No hay mucha gente con el don salvífico de reírse a carcajadas. Francisco Goldman (Boston, 68 años) tiene la fortuna de ser uno de ellos. Sin él quizá no hubiera podido soportar tanto horror: el desprecio y las palizas de su padre; la cobertura de las guerras de Centroamérica; la muerte de su primera esposa, la escritora Aura Estrada, por una ola que la batió contra la arena y le seccionó la médula espinal. Su historia de amor con ella y la tragedia final las contó en una obra memorable, Di su nombre (Sexto Piso, 2011). El duelo posterior lo volcó en El circuito interior (Turner, 2014), crónica de su catarsis en su patria adoptiva, Ciudad de México. En Monkey Boy (Almadía; traducción de Daniel Saldaña París) explora sus traumas de infancia y completa con los dos libros anteriores una trilogía que es una alta cota de la novela autobiográfica. Reconocida en 2022 con el American Book Award y finalista del Pulitzer, es un mosaico de recuerdos que el autor pone en boca de un alter ego llamado Frankie Goldberg, un nombre calcado al suyo con el que se burla de nuestro prurito de saber qué parte de un libro —y de uno mismo— es verdad o mentira.
Frankie, como Francisco, hoy un dichoso padre de familia que nos atiende en una visita a Madrid, es un crío de los suburbios de Boston al que en el colegio apodaban “niño chimpancé”, hijo de madre guatemalteca, católica, dulce y divertida, y padre de origen ucranio, judío laico, protésico dental, votante demócrata, amante de la horticultura y enemigo furibundo de su propia familia. Se llama Bert Goldberg, como el de Francisco, que, igualmente, hacía dientes falsos.
¿Bert Goldman también fue una mala persona?

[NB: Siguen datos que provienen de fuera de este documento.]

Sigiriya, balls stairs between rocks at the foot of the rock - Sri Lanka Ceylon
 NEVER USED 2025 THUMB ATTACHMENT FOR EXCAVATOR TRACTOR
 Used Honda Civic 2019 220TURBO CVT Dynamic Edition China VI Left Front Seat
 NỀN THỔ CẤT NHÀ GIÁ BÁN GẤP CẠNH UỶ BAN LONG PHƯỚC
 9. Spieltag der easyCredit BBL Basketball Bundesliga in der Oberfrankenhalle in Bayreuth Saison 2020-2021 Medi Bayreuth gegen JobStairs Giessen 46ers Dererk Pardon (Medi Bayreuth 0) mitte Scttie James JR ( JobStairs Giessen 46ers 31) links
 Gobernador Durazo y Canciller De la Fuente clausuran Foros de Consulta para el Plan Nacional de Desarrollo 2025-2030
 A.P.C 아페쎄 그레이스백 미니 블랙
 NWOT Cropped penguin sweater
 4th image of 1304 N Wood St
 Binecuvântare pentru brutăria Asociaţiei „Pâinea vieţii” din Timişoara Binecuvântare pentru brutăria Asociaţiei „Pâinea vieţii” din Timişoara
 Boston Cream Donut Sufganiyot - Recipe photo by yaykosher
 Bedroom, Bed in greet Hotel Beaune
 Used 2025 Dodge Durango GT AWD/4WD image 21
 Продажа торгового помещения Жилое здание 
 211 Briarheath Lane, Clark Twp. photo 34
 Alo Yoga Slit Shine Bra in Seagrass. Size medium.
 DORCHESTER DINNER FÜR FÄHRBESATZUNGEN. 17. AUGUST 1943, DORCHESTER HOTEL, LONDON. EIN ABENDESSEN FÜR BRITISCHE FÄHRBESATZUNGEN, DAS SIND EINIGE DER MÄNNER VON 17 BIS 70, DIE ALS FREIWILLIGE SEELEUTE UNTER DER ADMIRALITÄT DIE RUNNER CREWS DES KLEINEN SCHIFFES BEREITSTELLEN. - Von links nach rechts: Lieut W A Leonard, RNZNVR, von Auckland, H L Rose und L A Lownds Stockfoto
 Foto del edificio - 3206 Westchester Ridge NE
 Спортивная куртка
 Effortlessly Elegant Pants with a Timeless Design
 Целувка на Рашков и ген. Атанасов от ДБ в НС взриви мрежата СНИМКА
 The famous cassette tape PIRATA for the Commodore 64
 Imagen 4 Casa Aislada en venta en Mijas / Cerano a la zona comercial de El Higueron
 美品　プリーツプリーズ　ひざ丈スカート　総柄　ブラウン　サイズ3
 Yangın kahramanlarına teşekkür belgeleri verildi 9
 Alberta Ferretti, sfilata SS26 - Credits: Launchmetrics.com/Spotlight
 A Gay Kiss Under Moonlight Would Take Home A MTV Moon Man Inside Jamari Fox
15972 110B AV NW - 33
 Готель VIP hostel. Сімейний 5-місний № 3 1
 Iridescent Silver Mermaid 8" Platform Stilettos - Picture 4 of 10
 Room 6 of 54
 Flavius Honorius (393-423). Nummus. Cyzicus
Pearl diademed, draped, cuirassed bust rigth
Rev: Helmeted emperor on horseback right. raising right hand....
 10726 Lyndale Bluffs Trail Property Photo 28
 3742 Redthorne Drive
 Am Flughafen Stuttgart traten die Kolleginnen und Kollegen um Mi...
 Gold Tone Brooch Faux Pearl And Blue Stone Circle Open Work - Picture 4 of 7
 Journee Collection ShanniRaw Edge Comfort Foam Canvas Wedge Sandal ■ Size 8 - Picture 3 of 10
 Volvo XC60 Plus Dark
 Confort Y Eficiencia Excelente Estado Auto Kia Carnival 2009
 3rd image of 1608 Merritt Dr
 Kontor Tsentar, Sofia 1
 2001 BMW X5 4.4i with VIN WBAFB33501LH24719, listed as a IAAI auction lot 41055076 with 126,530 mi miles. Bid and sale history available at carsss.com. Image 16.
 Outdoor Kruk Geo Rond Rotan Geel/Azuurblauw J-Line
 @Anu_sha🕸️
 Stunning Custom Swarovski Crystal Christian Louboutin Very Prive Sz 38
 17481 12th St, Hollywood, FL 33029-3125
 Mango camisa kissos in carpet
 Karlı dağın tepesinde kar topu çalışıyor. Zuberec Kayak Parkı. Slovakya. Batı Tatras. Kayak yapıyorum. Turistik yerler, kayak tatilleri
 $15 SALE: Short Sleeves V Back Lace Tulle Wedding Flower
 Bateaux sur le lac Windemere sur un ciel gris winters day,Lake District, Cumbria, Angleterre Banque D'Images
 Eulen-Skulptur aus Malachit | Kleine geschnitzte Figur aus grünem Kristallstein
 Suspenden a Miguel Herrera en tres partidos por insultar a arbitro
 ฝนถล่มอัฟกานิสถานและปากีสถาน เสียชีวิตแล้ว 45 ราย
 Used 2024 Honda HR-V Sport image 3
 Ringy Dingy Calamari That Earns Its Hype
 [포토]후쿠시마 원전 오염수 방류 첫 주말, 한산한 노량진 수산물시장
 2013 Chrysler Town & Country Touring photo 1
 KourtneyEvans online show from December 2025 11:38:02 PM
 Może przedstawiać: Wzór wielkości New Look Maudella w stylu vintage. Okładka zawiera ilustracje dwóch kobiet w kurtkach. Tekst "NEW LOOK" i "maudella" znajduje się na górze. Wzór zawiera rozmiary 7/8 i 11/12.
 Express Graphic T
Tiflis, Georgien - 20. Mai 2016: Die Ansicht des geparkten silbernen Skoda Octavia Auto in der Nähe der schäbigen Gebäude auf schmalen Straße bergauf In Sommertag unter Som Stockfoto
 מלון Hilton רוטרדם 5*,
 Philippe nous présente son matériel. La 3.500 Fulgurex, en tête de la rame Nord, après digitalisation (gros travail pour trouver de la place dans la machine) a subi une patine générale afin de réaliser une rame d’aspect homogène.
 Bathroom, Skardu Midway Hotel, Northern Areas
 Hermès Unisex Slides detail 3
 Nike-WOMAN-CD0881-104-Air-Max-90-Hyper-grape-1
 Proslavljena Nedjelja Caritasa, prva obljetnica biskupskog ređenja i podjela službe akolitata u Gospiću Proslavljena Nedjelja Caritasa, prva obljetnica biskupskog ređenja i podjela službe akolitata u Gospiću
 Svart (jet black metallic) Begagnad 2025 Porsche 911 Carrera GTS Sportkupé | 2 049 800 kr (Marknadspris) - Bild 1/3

Pues no sé si diría que fue una mala persona. Más que nada lo veo como una persona enferma, con una rabia que no podía controlar, contra la vida, contra nosotros, contra sí mismo. Sin embargo, a los demás les daba la impresión de que era un hombre recto y bondadoso. Todos los niños del vecindario lo adoraban y venían a ayudarle con el jardín. Mi mamá decía: “A tu papá le gustan todas las familias menos la suya”.
Usted no trabajaba con él en el jardín.
Nunca.
¿Porque no le dejaba o porque no quería?
Yo no quería y él no me dejaba.
¿Lo odiaba?
No de niño, de niño sobre todo le tenía miedo. Empecé a odiarlo de verdad cuando era adolescente.
Y le pegó, igual que Frankie Goldberg en el libro —”como llevado por el impulso de acabar con él de una vez por todas”—.
Sí, exactamente como en esa escena. La novela está llena de cosas inventadas, pero esto quise contarlo literalmente, y fue muy fuerte revivir aquellas emociones. Como la noche que me dio una golpiza delante de unos polis en una estación de policía. Al llegar a casa sentía tanto odio que, si alguien me hubiera dado un cuchillo, en ese momento lo hubiera matado, y quizás hubiera matado también a mi mamá por ser tan pasiva frente a él. Fue terrorífico. Mientras escribía no lo vi venir, llegué ahí y me espantó. Toda esa ira guardada durante años.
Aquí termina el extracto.